Petal wiped at a tear that was ready to spill. “Please, Bridget. Don’t make this any harder.”
“Don’t make what any harder?” I glanced between the three of them. “You’re not going to kill me to win your work bet, right?”
Lucy nodded with a steely glare. “I might.”
“Okay …” I drew the word out and twisted the door handle ready to bolt back downstairs. I’d take Oz over these three. “I’m just going to make a cup of tea. Anyone want anything?”
Lucy stood and strode to my wardrobe. She flung the doors open so hard they banged on the wooden frames and swung halfway closed again. She thrust her hands on her hips and stared at me. “Yes. We’d like an explanation.”
I wasn’t sure what I was going to find in there but I was hoping it wasn’t another body. I moved closer and peered inside. “It’s empty.”
“Yes, it is.” She punctuated her speech with a foot tap per word, her eyebrows inching upwards and giving her expression a manic hint. “Where is you s
uit? Your beautiful white suit?”
I looked around the group. “I had to bin it. It had three different people’s blood on it.”
Lucy flipped her hair. “Oh. Right. Well. You should have told me.”
“Oh, right. So now I’m answerable to the bureau, Oz and you?” I folded my arms and waited for Lucy to respond. She didn’t. She glanced over her shoulder at Pam and Petal. Petal stretched her eyes wide at Pam as if asking for permission and Pam nodded. I really should’ve seen what was coming but it had been such a long day. Petal leapt off the bed and pinned my arms to my sides as she hugged me. Before I could form a protest, Lucy approached from my right and wrapped her arms around both Petal and me. Then Pam did the same thing from my left.
There wasn’t much I could do but stand there and take it.
“Did you have a tough day? Do you want me to brush your hair?” Pam said, twirling her fingers through my ponytail.
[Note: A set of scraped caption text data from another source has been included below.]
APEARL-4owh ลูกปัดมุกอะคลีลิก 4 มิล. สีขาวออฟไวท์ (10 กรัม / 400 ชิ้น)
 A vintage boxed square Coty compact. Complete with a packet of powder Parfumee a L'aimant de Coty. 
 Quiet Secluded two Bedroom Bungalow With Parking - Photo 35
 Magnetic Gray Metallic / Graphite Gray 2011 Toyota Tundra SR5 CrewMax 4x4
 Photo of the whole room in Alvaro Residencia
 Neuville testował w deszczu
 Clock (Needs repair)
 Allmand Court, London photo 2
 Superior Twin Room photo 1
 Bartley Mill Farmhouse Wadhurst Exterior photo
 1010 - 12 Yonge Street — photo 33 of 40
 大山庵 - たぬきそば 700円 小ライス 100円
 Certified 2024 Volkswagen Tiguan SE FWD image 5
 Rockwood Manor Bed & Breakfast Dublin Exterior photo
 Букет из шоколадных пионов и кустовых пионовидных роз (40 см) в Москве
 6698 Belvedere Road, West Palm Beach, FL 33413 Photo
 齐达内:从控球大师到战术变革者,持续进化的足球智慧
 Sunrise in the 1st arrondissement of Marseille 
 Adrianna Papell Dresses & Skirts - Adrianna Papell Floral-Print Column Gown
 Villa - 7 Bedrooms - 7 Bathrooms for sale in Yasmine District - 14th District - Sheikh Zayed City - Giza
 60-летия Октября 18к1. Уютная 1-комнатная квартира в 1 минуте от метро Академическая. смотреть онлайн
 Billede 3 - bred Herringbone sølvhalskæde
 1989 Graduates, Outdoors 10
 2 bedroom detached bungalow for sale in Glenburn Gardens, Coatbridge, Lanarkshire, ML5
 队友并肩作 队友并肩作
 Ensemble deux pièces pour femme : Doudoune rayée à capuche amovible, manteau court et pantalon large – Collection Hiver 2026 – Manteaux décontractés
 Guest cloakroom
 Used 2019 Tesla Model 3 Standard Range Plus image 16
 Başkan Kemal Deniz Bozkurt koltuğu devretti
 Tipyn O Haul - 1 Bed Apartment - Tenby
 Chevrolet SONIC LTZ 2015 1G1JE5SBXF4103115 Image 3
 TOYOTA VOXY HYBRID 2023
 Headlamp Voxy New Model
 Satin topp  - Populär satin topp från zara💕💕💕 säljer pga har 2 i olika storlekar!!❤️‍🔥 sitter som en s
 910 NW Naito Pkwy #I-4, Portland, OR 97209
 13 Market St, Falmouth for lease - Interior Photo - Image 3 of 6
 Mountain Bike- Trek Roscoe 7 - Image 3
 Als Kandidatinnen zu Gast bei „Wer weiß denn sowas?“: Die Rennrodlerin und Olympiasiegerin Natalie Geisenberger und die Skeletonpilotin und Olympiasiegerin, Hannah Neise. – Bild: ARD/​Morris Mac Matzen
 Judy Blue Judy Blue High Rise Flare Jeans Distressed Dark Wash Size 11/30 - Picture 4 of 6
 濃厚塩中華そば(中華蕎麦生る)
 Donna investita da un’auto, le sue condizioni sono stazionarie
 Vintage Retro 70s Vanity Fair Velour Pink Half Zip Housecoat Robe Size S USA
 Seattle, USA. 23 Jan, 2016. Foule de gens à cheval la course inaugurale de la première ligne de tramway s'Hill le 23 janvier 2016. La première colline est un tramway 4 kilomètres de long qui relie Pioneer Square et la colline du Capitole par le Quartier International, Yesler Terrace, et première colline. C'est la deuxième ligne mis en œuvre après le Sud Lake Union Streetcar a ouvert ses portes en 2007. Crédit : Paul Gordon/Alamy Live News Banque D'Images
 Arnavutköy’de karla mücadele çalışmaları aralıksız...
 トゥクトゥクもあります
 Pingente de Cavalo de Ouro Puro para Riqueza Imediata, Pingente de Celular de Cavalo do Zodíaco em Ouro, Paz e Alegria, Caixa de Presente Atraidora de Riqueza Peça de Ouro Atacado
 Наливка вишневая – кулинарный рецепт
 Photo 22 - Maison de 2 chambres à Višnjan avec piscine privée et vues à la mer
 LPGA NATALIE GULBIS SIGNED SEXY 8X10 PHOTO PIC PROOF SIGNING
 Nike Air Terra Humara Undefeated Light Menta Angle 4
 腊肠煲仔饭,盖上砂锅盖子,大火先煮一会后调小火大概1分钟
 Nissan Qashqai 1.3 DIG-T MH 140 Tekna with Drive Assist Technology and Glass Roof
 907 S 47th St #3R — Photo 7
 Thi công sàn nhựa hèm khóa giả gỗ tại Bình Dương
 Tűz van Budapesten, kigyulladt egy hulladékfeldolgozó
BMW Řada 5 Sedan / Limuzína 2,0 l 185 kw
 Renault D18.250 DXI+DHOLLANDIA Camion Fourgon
“That always helps me,” Petal spoke into my shoulder before I could reply.
“Thank you, but I’m okay.” I shook my head to remove Pam’s fingers from my hair and waited for them to recognise that as a signal for them to get off me. They didn’t. “Okay, I’m all better now.” I tried to lift my arms out from my sides to create some space between them and me but they had me pinned tight. “Guys, come on. Get off me.”
They unwrapped their arms from me like the giant housemate squid they were and all settled back in a line on my bed. Like a jury. I wondered if I could just climb into bed behind them. There looked like there might be enough space. Of course, I doubted they’d just let me sleep. Perhaps I could just flick the duvet and send all three flying towards the door. By the expressions on their faces they were still waiting for something.
I sighed and held up my hands. “Okay, Lucy. I’m sorry. I recognise now that I should inform you about every single tiny aspect of my life that relates to fashion. I apologise. Happy now? Can I go to bed?”
Lucy inclined her head to me with an added air of importance. “I am pleased to hear that apology but no, this is an intervention.”
I glanced from the empty wardrobe back to my housemate jury. “About my disposal of the suit, right? I’ve apologised. I consider myself fully interventioned.”